- [What the exercise asks]
Repeat exactly the lines below that lie between the line with "821 NE Trailside" and the line with "Emo-Skateschuhe für dich schwarz und orang", counting both of those lines as part of the answer.

- [Listed entries]
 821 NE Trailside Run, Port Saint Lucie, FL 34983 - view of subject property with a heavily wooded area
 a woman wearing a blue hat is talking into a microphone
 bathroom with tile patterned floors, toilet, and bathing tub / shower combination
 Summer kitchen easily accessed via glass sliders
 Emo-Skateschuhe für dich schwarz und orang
* * *
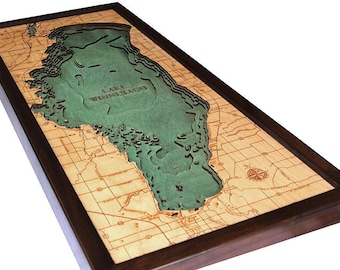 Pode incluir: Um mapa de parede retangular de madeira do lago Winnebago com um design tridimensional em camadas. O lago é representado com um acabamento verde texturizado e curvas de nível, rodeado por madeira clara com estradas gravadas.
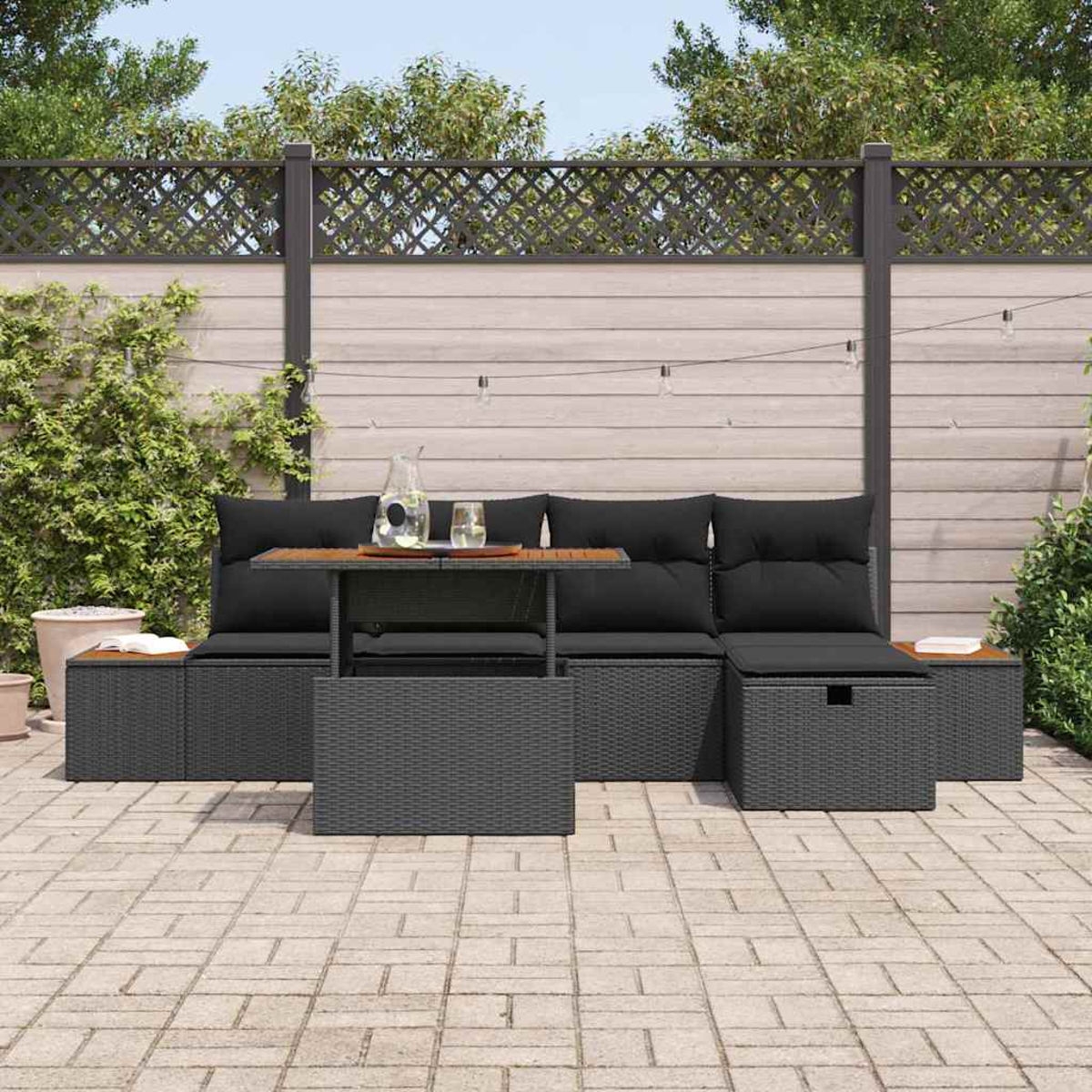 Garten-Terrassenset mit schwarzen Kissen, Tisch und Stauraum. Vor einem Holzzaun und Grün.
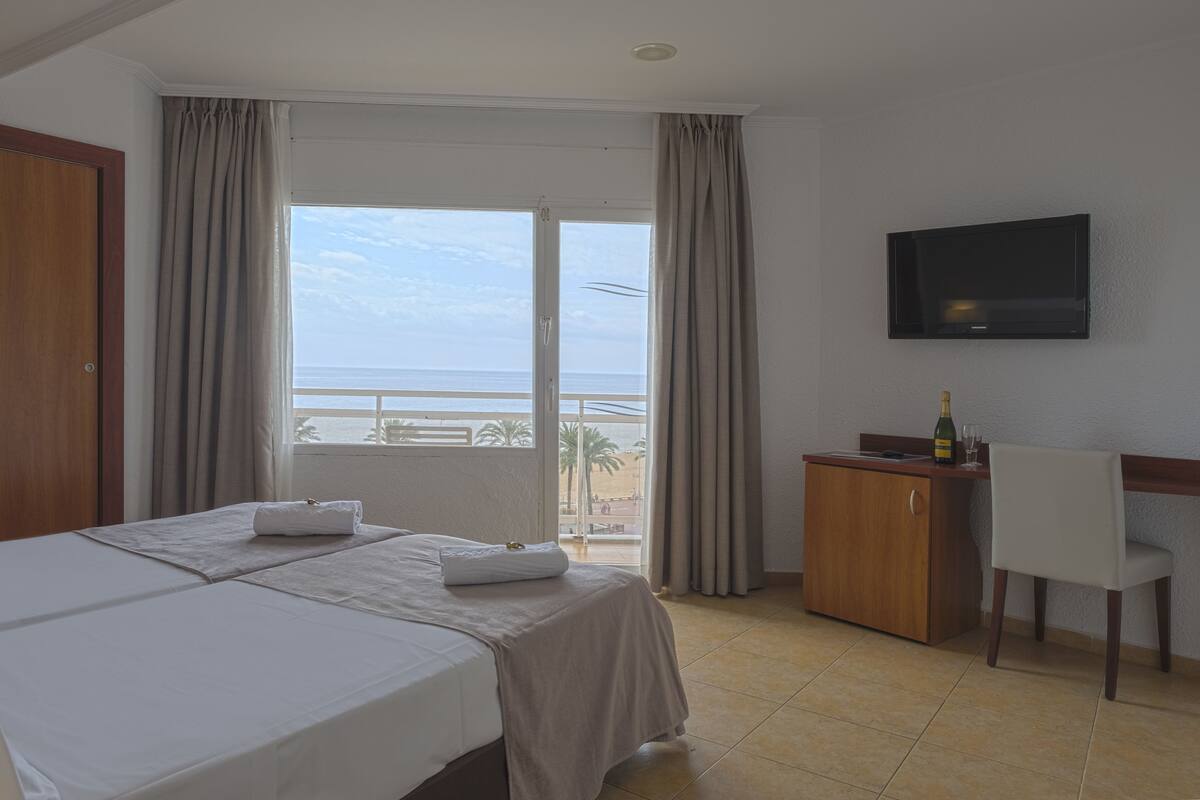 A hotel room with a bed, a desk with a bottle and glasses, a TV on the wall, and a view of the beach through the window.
...
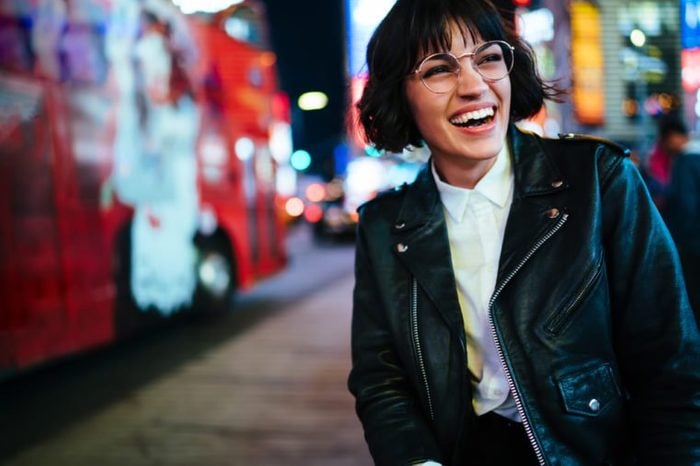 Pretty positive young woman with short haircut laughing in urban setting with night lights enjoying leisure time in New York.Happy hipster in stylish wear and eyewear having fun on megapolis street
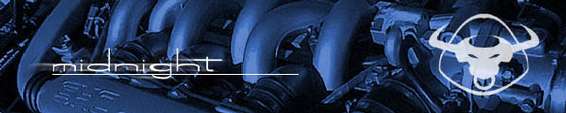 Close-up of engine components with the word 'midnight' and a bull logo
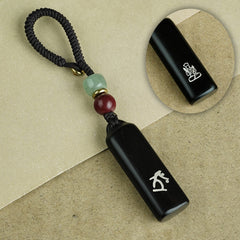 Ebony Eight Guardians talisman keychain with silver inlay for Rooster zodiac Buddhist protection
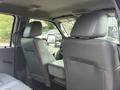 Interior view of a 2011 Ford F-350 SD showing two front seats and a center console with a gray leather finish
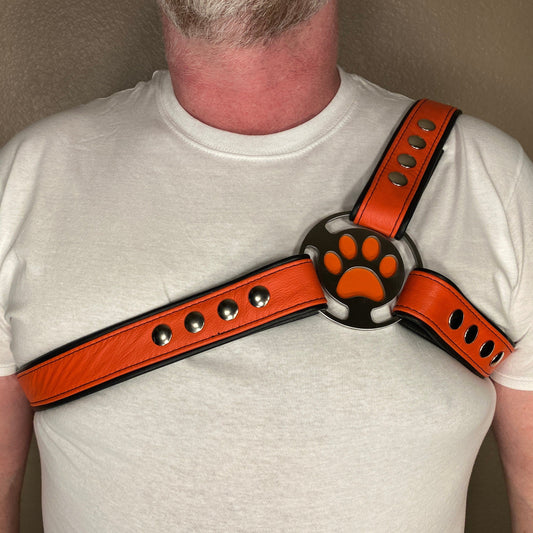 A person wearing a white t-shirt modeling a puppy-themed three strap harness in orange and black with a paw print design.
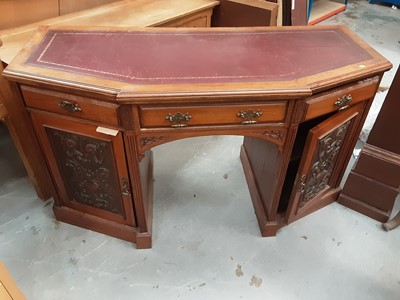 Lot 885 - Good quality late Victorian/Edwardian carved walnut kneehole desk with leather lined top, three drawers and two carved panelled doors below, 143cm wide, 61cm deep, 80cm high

- [Expected answer]
 821 NE Trailside Run, Port Saint Lucie, FL 34983 - view of subject property with a heavily wooded area
 a woman wearing a blue hat is talking into a microphone
 bathroom with tile patterned floors, toilet, and bathing tub / shower combination
 Summer kitchen easily accessed via glass sliders
 Emo-Skateschuhe für dich schwarz und orang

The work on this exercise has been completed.